## [EXERCISE REQUIREMENTS]
Leave the pictures out. Retype exactly the lines below from the one containing "Slide: The Image" through the one containing "a tall building", and no others.
-------- DATASET ENTRIES
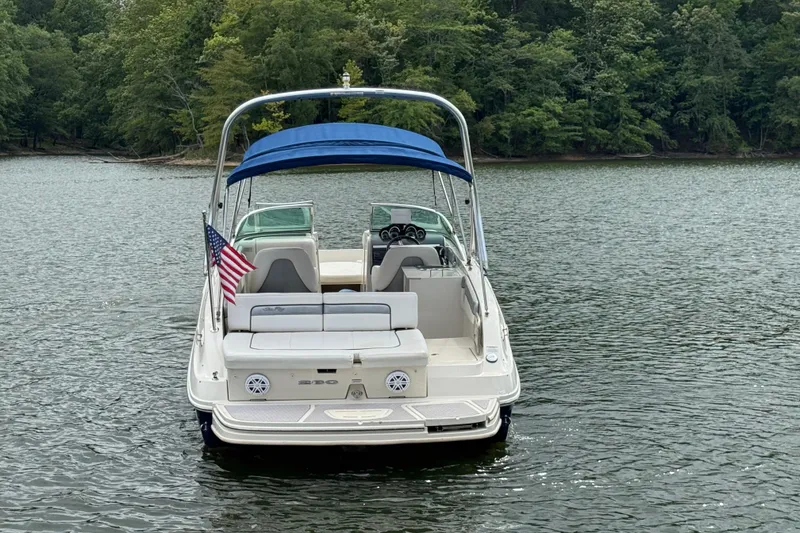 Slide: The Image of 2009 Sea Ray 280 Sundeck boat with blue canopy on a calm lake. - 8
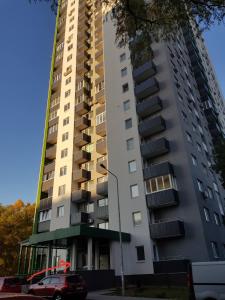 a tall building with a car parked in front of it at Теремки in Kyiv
----------------
-------- DATASET ENTRIES
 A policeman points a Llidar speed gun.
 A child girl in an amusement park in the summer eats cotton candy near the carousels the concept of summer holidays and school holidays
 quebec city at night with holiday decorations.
----------------
-------- DATASET ENTRIES
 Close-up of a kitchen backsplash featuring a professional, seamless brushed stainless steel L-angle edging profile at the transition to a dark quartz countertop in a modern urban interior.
----------------
## [ANSWER SECTION]
 Slide: The Image of 2009 Sea Ray 280 Sundeck boat with blue canopy on a calm lake. - 8
 a tall building with a car parked in front of it at Теремки in Kyiv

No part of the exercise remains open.